LE POINT D’EQUILIBRE (nouvelle du confinement – 5)

  1. D’un côté

Je suis un naze. Ce n’est pas une figure de style, je suis vraiment un naze. En un an j’ai perdu ma femme, mon boulot, mes amis et mon envie d’y changer quoi que ce soit. Je ne sais plus quel évènement a entraîné le suivant…sans doute un peu de tout en même temps. Est-ce la faute à la société ? La mienne ? Je ne sais pas. Je ne sais plus rien de toute façon. Je n’ai même plus la force de réfléchir.

Je me traîne. Comme si j’étais mon propre boulet. Je suis un cliché ambulant qui hante les lieux communs comme les bars PMU ou le Pôle Emploi. Et ambulant, je vais bientôt le devenir. Mon appartement est rongé par les rats et les huissiers qui viennent gratter à ma porte chaque matin.

             Mon estime est au niveau de ce caniveau que je vais bientôt rejoindre. En guise de coup de grâce, je prends un plaisir malsain à étaler chaque détail de ma misérable situation dès que je rencontre quelqu’un. Et je guette avec une morbide satisfaction la pitié et le dégoût que cela provoque forcément dans son regard.

             J’ai parfois des sursauts de conscience, temporaires, et la culpabilité m’embrase alors. Heureusement n’importe quelle bouteille bon marché éteint l’incendie. Les délicieuses griffes de l’alcool m’arrachent rapidement de ce sentiment pour m’entraîner dans leurs vapeurs d’éther.

             Dorénavant, ma vie s’écoule comme du papier à musique. Un papier terne, passif, qui joue sans cesse les mêmes notes dans une affligeante routine ; et qui les joue un peu plus faiblement à chaque fois. En attendant la rupture du papier, je continue les répétitions. Je me lève, je me traîne, je vais au bar, je bois, je rentre. Puis je me lève, je me traîne, je vais au bar, je bois, je rentre. Puis je me lève…

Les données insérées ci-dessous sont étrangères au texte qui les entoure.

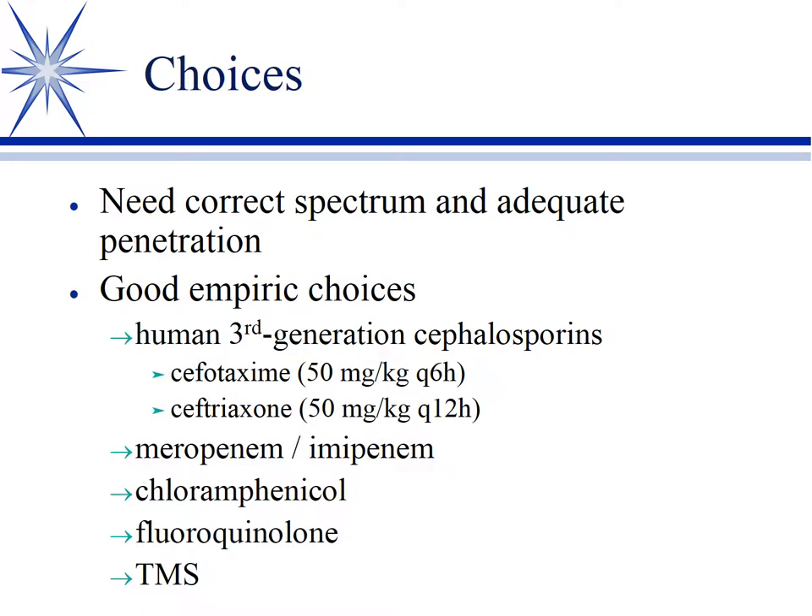We try to pick drugs that penetrate, that we don't have to rely on a breakdown of the blood-brain barrier. Human third-generation cephalosporins, like ceftriaxone — don't have to know doses — are kind of the drug of choice for bacterial meningitis in human medicine. Or a carbapenem. These are probably really good in terms of not much resistance out there. Then we get into things that are a lot cheaper that you can use, but may not be quite as good.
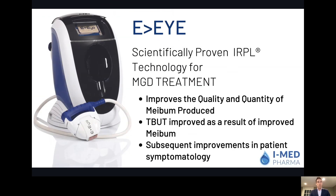As you can see, EI is really an advanced device, scientifically proven across the markets to produce results for MGD patients. It really comes down to the ability to improve the quality and quantity of meibum being produced. Accordingly, tear breakup time is going to improve, and you're going to have patients seeing their symptoms reduce. A really great product for MGD patients.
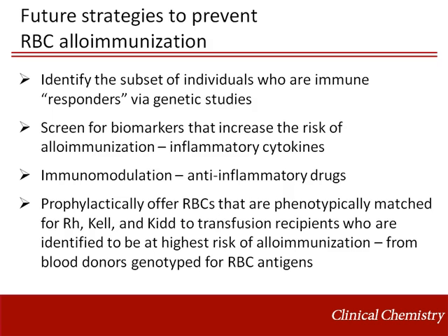Future strategies to prevent red blood cell alloimmunization would ideally target primary prevention of initial antibody production. Genetic studies have identified certain HLA alloimmunization markers of immune responders. Myriad models of alloimmunization suggest that it may be possible to screen for biomarkers, such as inflammatory cytokines, which signal an increased risk of alloimmunization. Immunomodulatory therapy, such as anti-inflammatory drugs, could be considered as a preventive strategy. For transfusion recipients identified to be at high risk of alloimmunization, blood centers could offer prophylactic matching for RH, Kell, and Kidd antigens from a database of blood donors who have been genotyped for red blood cell antigens.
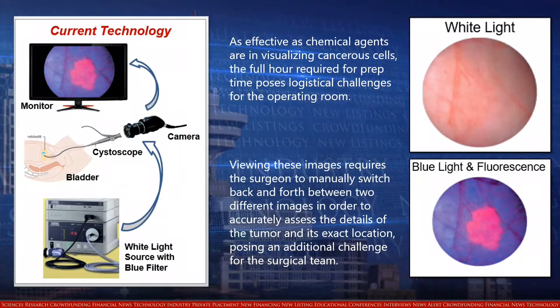If the surgeon cannot see the full range of the cancer and some cells remain, the tumor can grow back and metastasize to other parts of the body. Because of the limitations of white light in visualizing bladder cancer, various companies have introduced the use of blue light in conjunction with fluorescence imaging agents. However, the full hour required for prep time poses logistical challenges for the operating room, and viewing the cancer requires the surgeon to manually switch back and forth between two different images, posing an additional challenge for the surgical team.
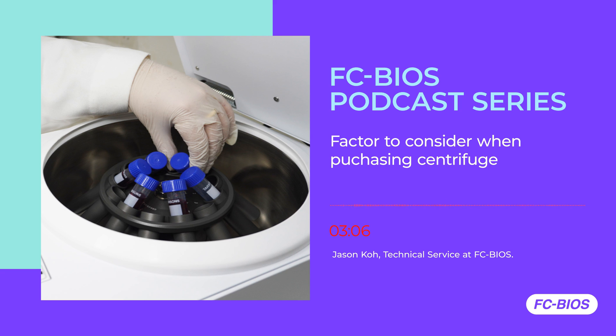Secondly, what is the maximum speed that you need? Basically, how fast do you need your centrifuge to go? This depends on your application or your assay, as different assays will require different speeds. Therefore, different centrifuges will have their own maximum speed.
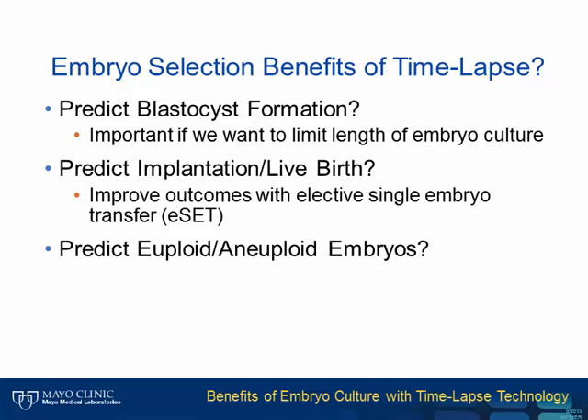Some questions we are currently asking include: can we predict blastocyst formation? Embryo development in culture goes from one cell to more than 50 cells in five days when embryos become differentiated blastocysts. As embryos develop, we can transfer them on day two or day three, but many embryos stop growing between days three and five, so culturing them longer gives us a better ability to select potentially viable embryos.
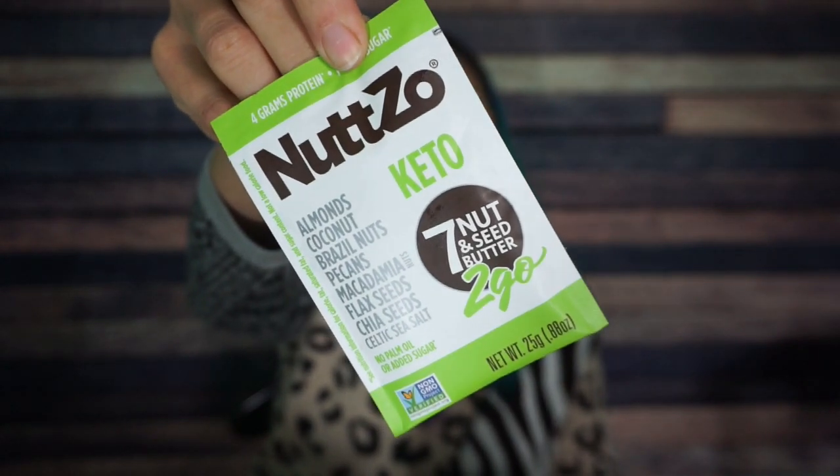We have Nutso Keto seven nut and seed butter — almond butter, coconut butter, Brazil nut, pecans, macadamia, flaxseed, chia seed, and Celtic sea salt. It says before opening, knead and squeeze. The serving size is one container: 160 calories, 15 grams of fat, five total carbs, three fiber — which is two net carbs — and four grams of protein. I feel like this isn't going to be super sweet because there is no sugar alcohol in it, but it could still taste good and I'm here for it.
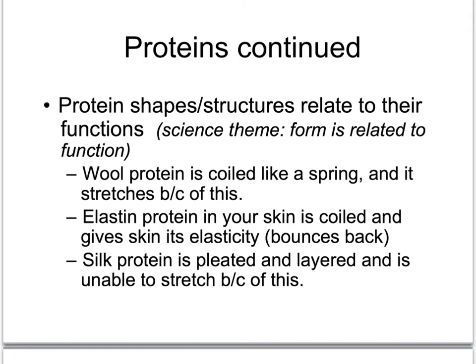Silk protein is a flat protein, layer upon layer upon layer, which makes it unable to stretch. If you wear silk clothing, you'll know that about it — it doesn't give very well and doesn't allow you to move like maybe a cotton shirt would, which also has a springier protein in it.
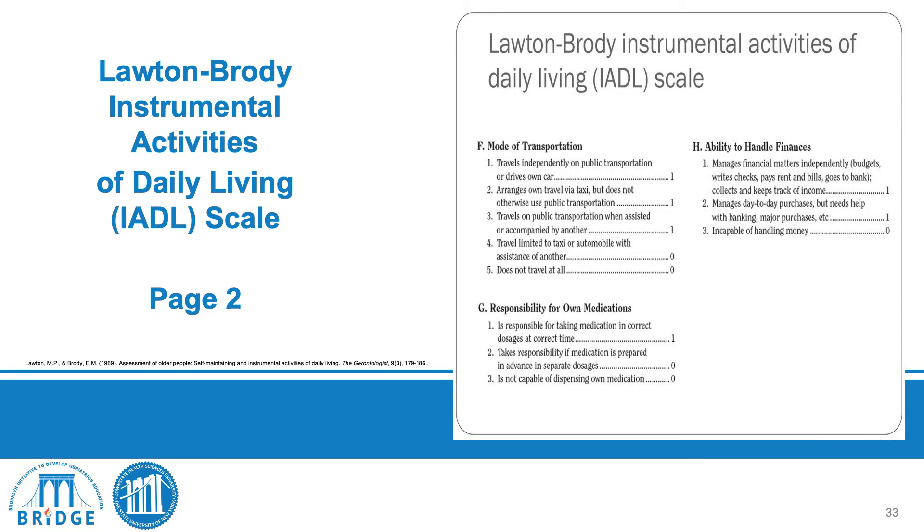We also assess whether patients are able to schedule, lay out, and take their medications correctly, and whether they are able to handle their own finances. These are the independent activities of daily living.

             Mon unique support, c’est ce banc. Je viens m’y assoir, de temps en temps, avant de m’engouffrer dans un bar dès sept heures du soir. La vue est banale mais ce n’est pas grave. L’espace d’un instant, je suis comme ce sportif qui s’assoit pour souffler un peu. Je suis comme cette jeune fille qui envoie un texto. L’espace d’un instant, je suis comme tout le monde. L’espace d’un instant, je ne suis enfin plus moi-même.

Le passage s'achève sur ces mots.